Li S F, Parish R W
School of Botany, La Trobe University, Melbourne, Victoria, Australia.
Plant J. 1995 Dec;8(6):963-72. doi: 10.1046/j.1365-313x.1995.8060963.x.
Two novel myb-like genes (atmyb6 and atmyb7) were isolated from an Arabidopsis thaliana cDNA library. The entire proteins or the Myb domains encoded by the genes were expressed as fusion proteins in Escherichia coli. The DNA-binding domain of the murine c-Myb was also expressed in the same way for use in comparative studies. The fusion proteins were examined for their DNA-binding activity using the animal c-Myb DNA-binding site (MBS) and the binding site of the maize P gene product (PBS). The Myb domain of Atmyb6 bound to PBS more efficiently than to MBS. Complete Atmyb6 and Atmyb7 proteins preferentially bound to PBS but not MBS. This suggests that the in vitro binding consensus sequences for both Atmyb6 and Atmyb7 are similar to PBS. The binding of the Myb domain of Atmyb6 to both PBS and MBS raises the possibility that the protein recognizes multiple sequences in vivo. The third alpha-helix and three adjacent amino acids in the third repeat (R3) of c-Myb was replaced with the analogous sequence of Atmyb6 to create a chimeric Myb protein. This chimeric protein bound to PBS with a low affinity but failed to bind to MBS. Thus the binding pattern of the chimeric Myb protein is similar to that of the Atmyb6. This result suggests that the last 20 amino acids in the R3 repeat of Atmyb6 play a major role in DNA-binding.

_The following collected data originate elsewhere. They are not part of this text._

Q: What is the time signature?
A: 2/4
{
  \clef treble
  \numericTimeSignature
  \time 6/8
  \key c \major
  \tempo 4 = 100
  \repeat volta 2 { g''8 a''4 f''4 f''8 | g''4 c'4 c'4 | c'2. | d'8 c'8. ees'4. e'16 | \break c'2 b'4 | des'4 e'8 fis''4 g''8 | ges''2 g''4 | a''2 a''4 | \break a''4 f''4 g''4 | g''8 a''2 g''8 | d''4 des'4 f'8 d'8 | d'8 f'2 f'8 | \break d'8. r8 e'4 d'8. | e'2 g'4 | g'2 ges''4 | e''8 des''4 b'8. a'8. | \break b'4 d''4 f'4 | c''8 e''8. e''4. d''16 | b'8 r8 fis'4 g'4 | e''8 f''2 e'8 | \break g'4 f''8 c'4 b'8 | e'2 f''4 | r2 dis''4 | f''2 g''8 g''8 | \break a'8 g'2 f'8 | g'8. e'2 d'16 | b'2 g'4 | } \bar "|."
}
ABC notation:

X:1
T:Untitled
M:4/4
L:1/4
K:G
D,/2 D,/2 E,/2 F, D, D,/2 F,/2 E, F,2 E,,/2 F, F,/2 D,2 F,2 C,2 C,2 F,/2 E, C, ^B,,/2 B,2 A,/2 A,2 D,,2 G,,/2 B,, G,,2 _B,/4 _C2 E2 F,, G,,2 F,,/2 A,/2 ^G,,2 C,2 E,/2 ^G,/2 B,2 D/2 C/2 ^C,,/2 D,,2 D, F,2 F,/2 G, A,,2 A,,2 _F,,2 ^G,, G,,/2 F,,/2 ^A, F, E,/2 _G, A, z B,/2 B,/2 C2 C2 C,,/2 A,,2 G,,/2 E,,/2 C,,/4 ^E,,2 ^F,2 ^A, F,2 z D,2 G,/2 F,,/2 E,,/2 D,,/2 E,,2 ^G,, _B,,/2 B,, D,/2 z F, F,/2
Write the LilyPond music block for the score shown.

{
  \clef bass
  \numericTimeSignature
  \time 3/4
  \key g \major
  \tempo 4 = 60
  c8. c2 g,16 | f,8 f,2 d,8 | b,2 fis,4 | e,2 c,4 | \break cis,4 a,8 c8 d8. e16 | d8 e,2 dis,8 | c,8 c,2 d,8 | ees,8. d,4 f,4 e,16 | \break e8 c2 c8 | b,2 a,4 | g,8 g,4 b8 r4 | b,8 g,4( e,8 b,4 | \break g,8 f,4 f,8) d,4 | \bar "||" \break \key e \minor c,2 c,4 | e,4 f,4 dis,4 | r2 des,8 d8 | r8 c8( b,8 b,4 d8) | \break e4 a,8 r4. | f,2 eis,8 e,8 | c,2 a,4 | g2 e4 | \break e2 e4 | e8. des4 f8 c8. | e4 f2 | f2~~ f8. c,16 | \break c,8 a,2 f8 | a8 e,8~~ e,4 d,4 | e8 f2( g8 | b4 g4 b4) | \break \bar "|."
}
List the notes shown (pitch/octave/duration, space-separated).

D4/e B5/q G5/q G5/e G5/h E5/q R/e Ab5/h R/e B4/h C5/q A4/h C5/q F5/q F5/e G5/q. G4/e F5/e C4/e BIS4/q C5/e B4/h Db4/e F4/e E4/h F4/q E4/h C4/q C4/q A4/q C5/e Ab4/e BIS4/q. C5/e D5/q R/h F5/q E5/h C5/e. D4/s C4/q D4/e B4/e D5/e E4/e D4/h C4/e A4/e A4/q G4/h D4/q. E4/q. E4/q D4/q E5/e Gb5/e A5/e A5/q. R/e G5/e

从拟南芥cDNA文库中分离出两个新的类myb基因(atmyb6和atmyb7)。这些基因编码的完整蛋白质或Myb结构域在大肠杆菌中作为融合蛋白表达。鼠源c-Myb的DNA结合结构域也以同样的方式表达用于比较研究。使用动物c-Myb DNA结合位点(MBS)和玉米P基因产物的结合位点(PBS)检测融合蛋白的DNA结合活性。Atmyb6的Myb结构域与PBS的结合效率高于与MBS的结合效率。完整的Atmyb6和Atmyb7蛋白优先结合PBS而非MBS。这表明Atmyb6和Atmyb7在体外的结合共有序列与PBS相似。Atmyb6的Myb结构域与PBS和MBS的结合增加了该蛋白在体内识别多个序列的可能性。将c-Myb第三个重复序列(R3)中的第三个α-螺旋和三个相邻氨基酸替换为Atmyb6的类似序列,构建了一个嵌合Myb蛋白。该嵌合蛋白与PBS的结合亲和力较低,但不能与MBS结合。因此,嵌合Myb蛋白的结合模式与Atmyb6相似。这一结果表明,Atmyb6的R3重复序列中的最后20个氨基酸在DNA结合中起主要作用。